Комната сразу преобразилась. Даже голые стены повеселели, потому что солнце отбрасывало на них тень от цветов и цветочной вазы. Будто за книгами спряталась женщина и подняла вверх обнаженную руку с букетом цветов. Недовольны были только розы на ковре детства. Свежие, настоящие цветы отнимали у них первенство.
Ванский кот обиженно вышел и вошел снова, играя клубком мамаши Маджита.
— Никак пришел, парень? Чаю-то нести?
— Если горячий.
— Горячий. Старик мой только что пил… Беднягу снова лихорадка бьет. Как быть-то, а, Левон?
— Я ведь звонил врачу, не приходил?
— Приходил, благослови его господь… Хорошее лекарство дал. Сказал, печень у него, и, обернувшись к коту: — Пошли, киска, чайку принесем.

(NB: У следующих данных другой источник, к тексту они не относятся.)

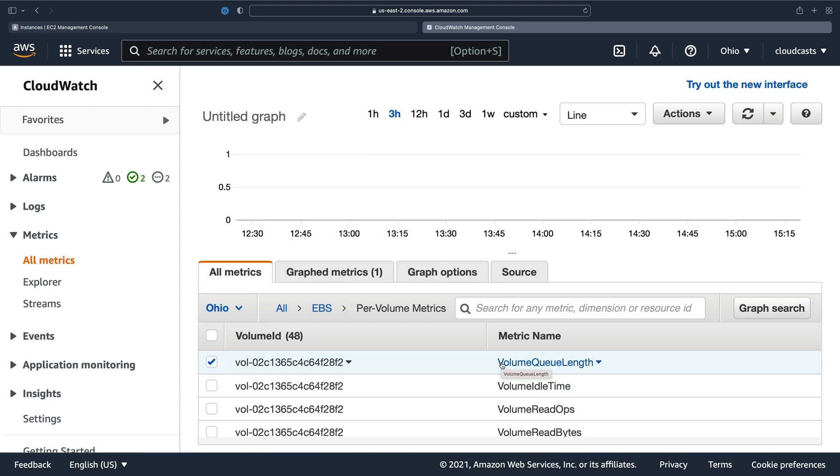If it's high, it means there's a lot of pending IO operations on that disk drive, which means that's probably bottlenecking your application somewhere. So in addition to things like CPU credit usage on your server for the T2 or T3 or T4G instance types, you also for your EBS drives want to pay attention to the volume queue length to make sure that is not getting high.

Болен был муж старушки, портной, которого почти все ж; ильцы, особенно дети, называли «папе». «Папе» был худой человек с мягкими чертами лица. Весь год он ходил в накинутом на плечи истрепанном пальто, в одних и тех же шерстяных штанах, которые отяжелели от многочисленных заплат.
Мамаша Маджита и «папе» были беженцами из Багдада. «Папе» слыл молчуном, разговаривать он предпочитал с детьми. Встречаясь со взрослыми, отходил в сторонку, будто стеснялся. А мамаша Маджита или, как называл ее «папе», «ханум», часто спускалась во двор поболтать с соседками.

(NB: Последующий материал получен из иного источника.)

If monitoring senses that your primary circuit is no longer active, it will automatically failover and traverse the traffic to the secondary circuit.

Предметом ее забот были куры, для которых «папе» смастерил во дворе курятник. «Куры ей как дети», — смеялись соседки. Они не очень ошибались. Мамаша Маджита не только кормила их, но и говорила с ними. Ее куры имели имена, характер…
— Сегодня моя синенькая была не в духе, совсем не клевала…
— А ты подсыпь ей теста.
— Этот бессовестный петух совсем замучил ее ночью, — возмущалась мамаша Маджита. И весь двор узнавал о том, что «петух замучил синюю курицу, что прошлогодняя наседка села на яйца, что нерадивая Рябушка знай себе клюет зерно, а яиц не несет, ну ни одного яйца…»

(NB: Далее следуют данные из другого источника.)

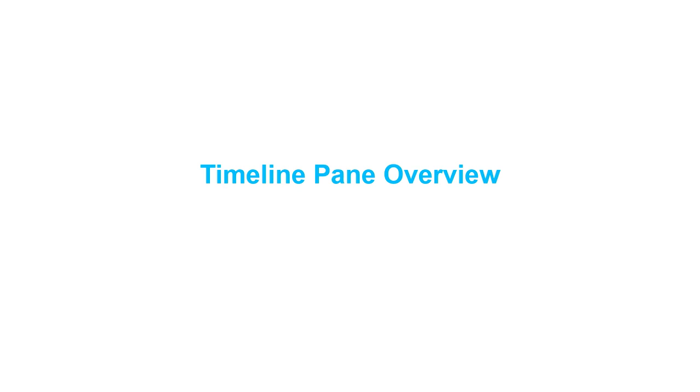Hello everyone! Today I will present an overview of the timeline pane in Soundlight Animate.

Мамаша Маджита грозилась зарезать Рябушку, но проходили весна, лето, куры старели, тяжелели, а ее угрозы не осуществлялись. Куры умирали естественной смертью, старушка плакала над ними настоящими праведными слезами.
Начало жизни мамаши Маджита и ее мужа было спокойным и безмятежным. Внезапно почернело небо, почернела и земля, грянула резня, пожары, переселение. На дорогах скитаний они оставили много безымянных могил, где покоились взрослые и дети, погибшие от голода, ятагана, зноя и жажды. В Багдаде «папе» заболел лихорадкой, весь исчах и пожелтел.
На новом месте «папе» и ханум с первого же дня подружились с Левоном. Мамаша Маджита подметала его комнату, вытирала пыль, иногда предлагала чай, за это Левон звонил, когда надо, врачу, платил за квартиру, за свет — словом, помогал, чем мог.
— Левон — приемный сын мамаши Маджита, — судачили соседи. А старушка говорила о нем с умилением, почтительно произносила его имя и даже перед соседями гордилась дружбой такого человека.
«Папе» заходил в его комнату раз или два в месяц и довольствовался приветствием. А мамаша рассказывала ему о своем мирке, границы которого упирались в ворота их двора. Подслеповатые окна, разговоры о том, о сем, услышанные от соседей, и, наконец, события, связанные с курами, — таков был предмет их бесед.
Однако была и более интимная «тема», касаясь которой мамаша Маджита не шла дальше намеков, а Левон добродушно улыбался.
— Еще хочешь?..
— Нет, мамаша, я уже согрелся.
— Что же ты, и одного казаха не стоишь… Сколько он его пьет, бог свидетель, даже не верится…
«Казахом» был живший в том же коридоре высокий русский студент, которого мамаша Маджита стеснялась. Не зная ни слова по-русски, она смогла найти общий язык лишь с его маленькой дочкой. Иногда, взяв девочку за руку, она водила ее в курятник, давала девочке корм, чтобы та сама кормила кур.
— Может, налить?..
— Нет, мамаша, — и Левон встал из-за стола. — Сегодня нога что-то побаливает.
— Больная нога?..
— Да.
— К дождю и у меня кости ломит. А солнышко выйдет, станет сухо — и… как не бывало.